=== Work required ===
Copy only the lines from the one with "Díszített mikuláscsizmák" through the end of the records, exactly as they stand. No pictures belong in the copy.

Pictures with short captions:
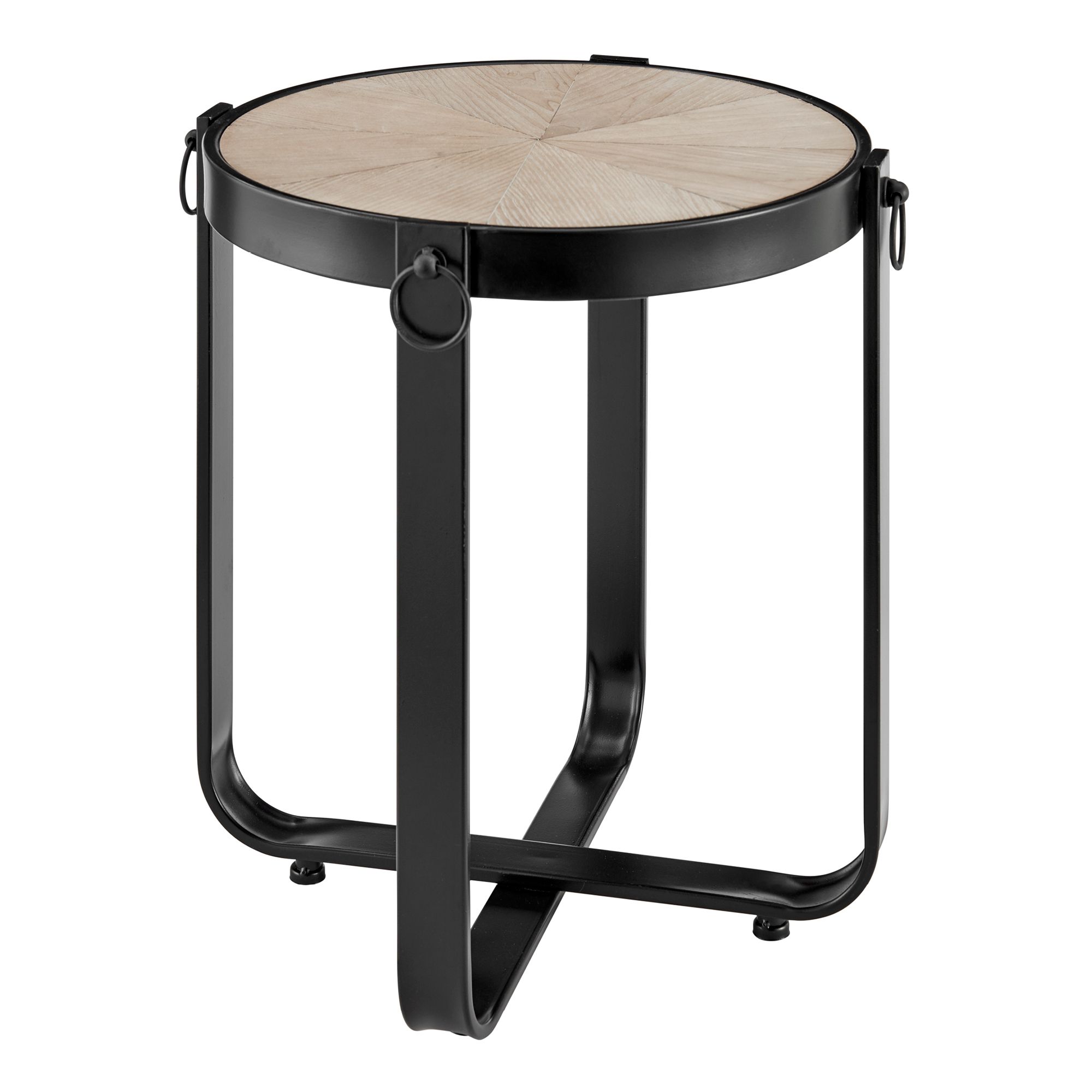 Kori Wood/Metal Round Side Table
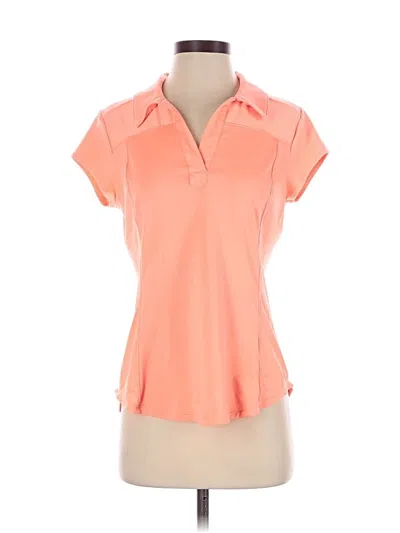 Pre-owned Athleta Short Sleeve Polo Shirt In Orange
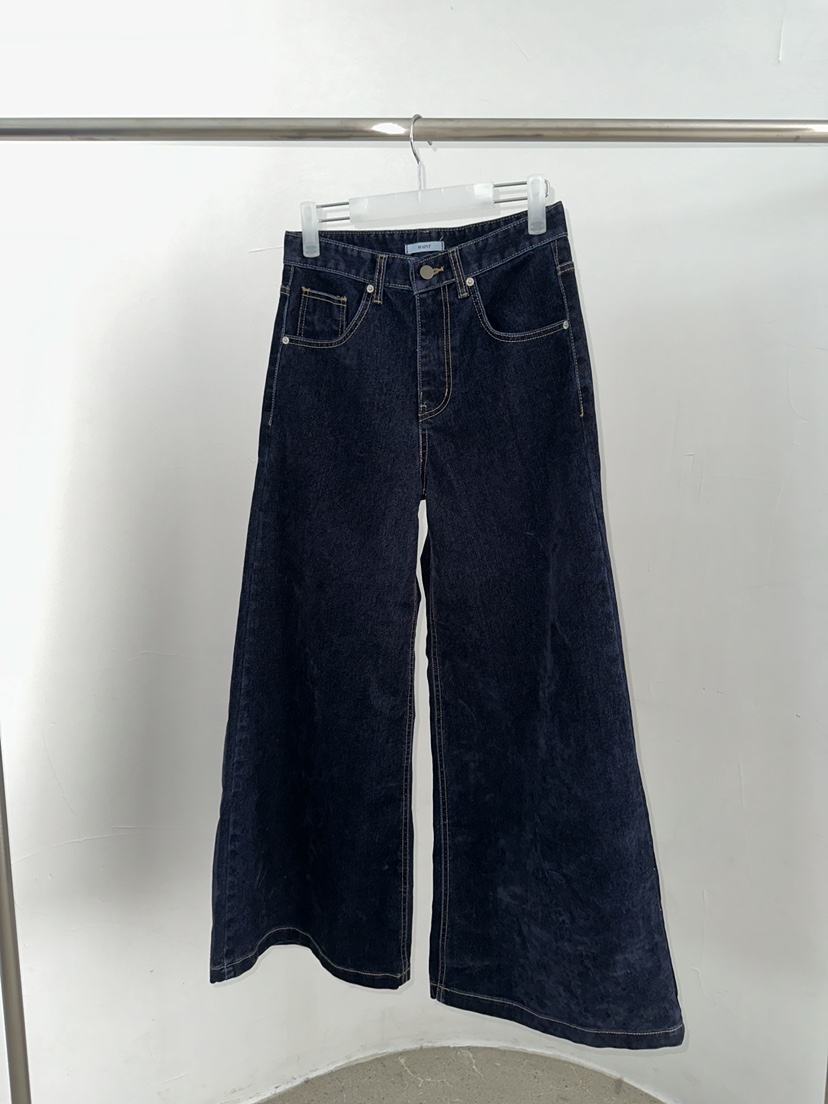 MAINT韓國代購㊣女裝新款休閑真品時尚職業人氣牛仔褲天鵝絨MAINT牛仔褲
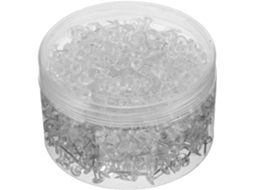 500 Tachinhas De Metal Transparentes Para Murais Avisos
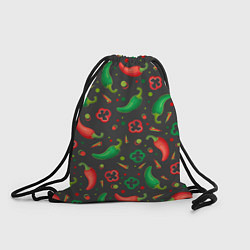 Рюкзак-мешок Перчики, цвет: 3D-принт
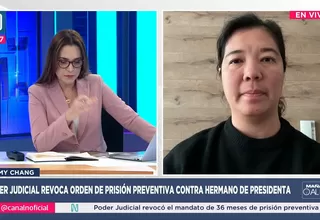 Romy Chang: Los jueces deben aplicar las normas del Congreso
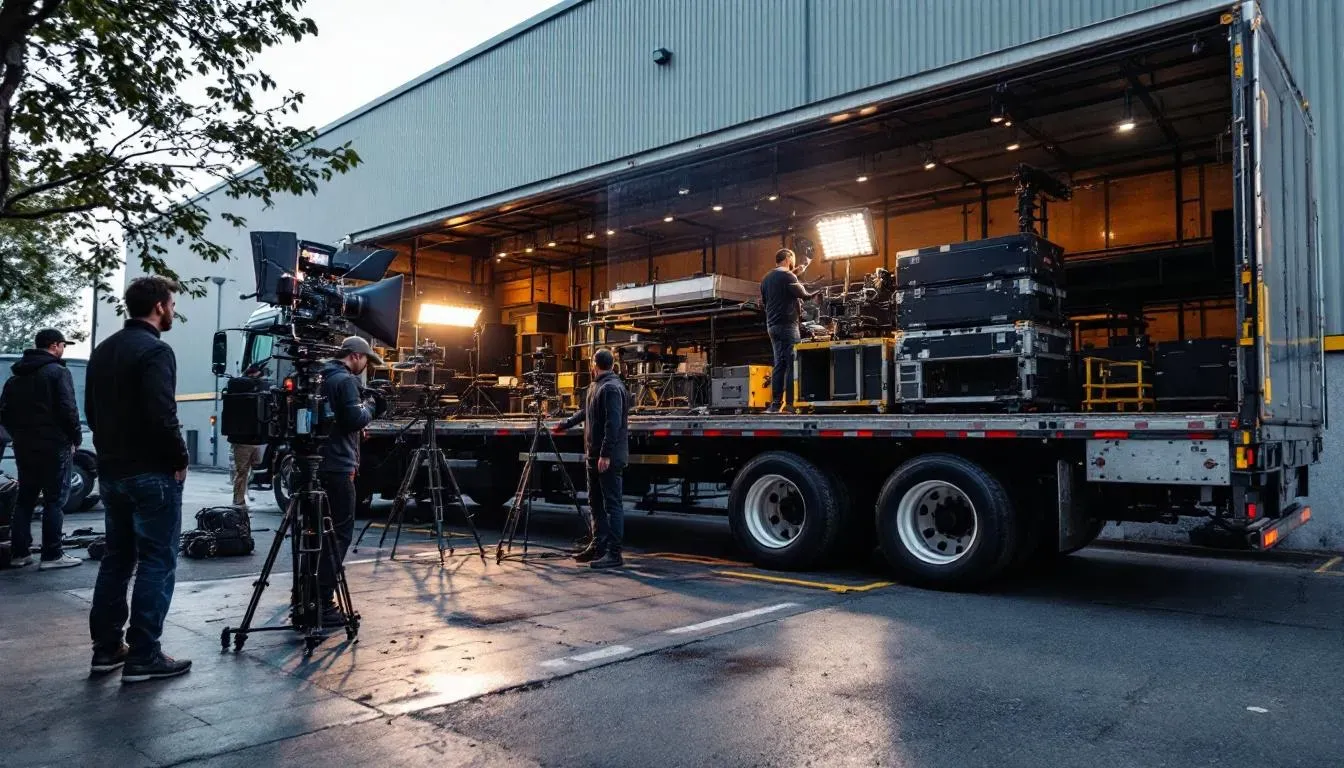 Equipment Truck Grip - filming location in Turkey
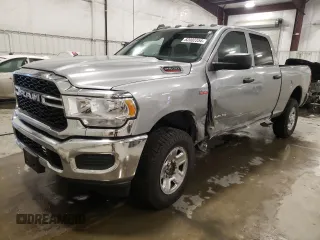 2022 Ram 2500 Tradesman with VIN 3C6UR5CJ5NG271848, listed as a Copart auction lot 82002354 with 23,511 mi miles and Salvage Title. Bid and sale history available at carsss.com. Image 1.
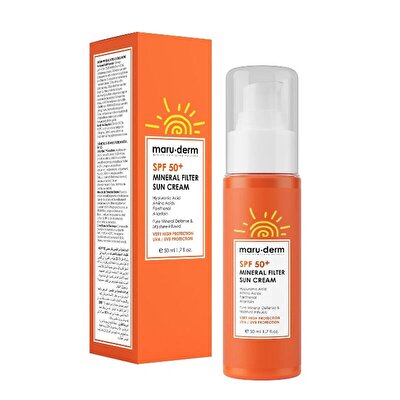 Maruderm Maruderm Güneş Kremi 50SPF+ Mineral Filtre 50 ml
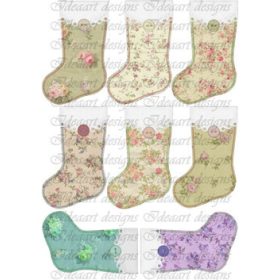 Díszített mikuláscsizmák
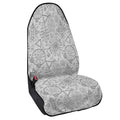 Grey And Black Mystical Wiccan Print Waterproof Car Seat Cover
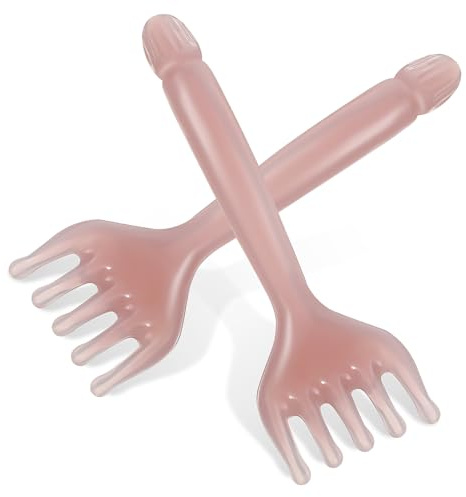 PLAFOPE 2 Stück Massagekamm für Kopfhaut und Sanfte Runde Zähne Ergonomischer Griff Vielseitig für Männer und Frauen Kompakt und Tragbar Geeignet für Haartypen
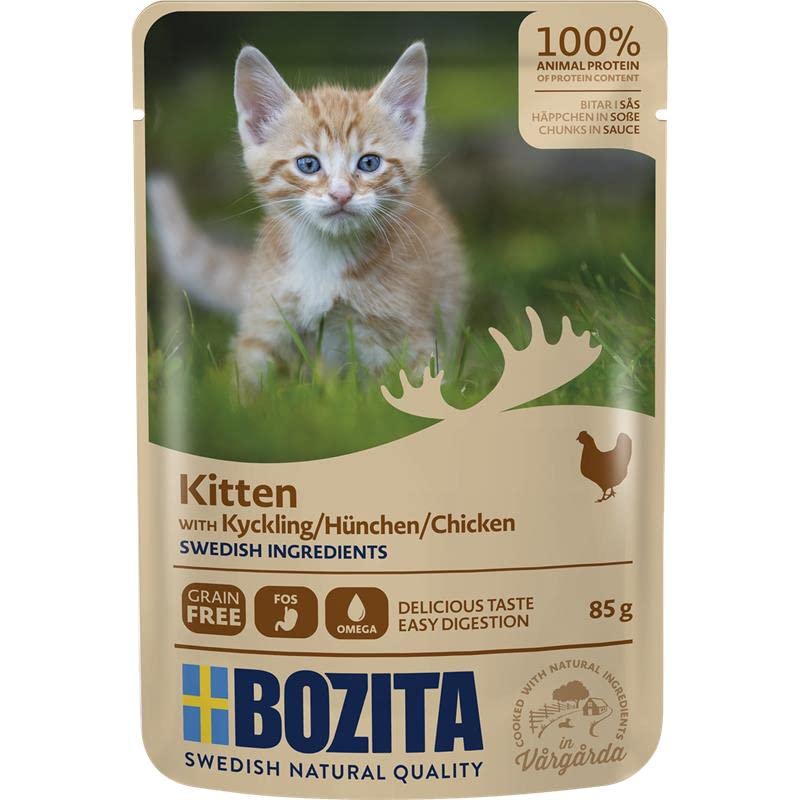 Bozita Häppchen in Soße Hühnchen für Kitten | 12x 85g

=== Solution to the exercise ===
 Díszített mikuláscsizmák
 Grey And Black Mystical Wiccan Print Waterproof Car Seat Cover
 PLAFOPE 2 Stück Massagekamm für Kopfhaut und Sanfte Runde Zähne Ergonomischer Griff Vielseitig für Männer und Frauen Kompakt und Tragbar Geeignet für Haartypen
 Bozita Häppchen in Soße Hühnchen für Kitten | 12x 85g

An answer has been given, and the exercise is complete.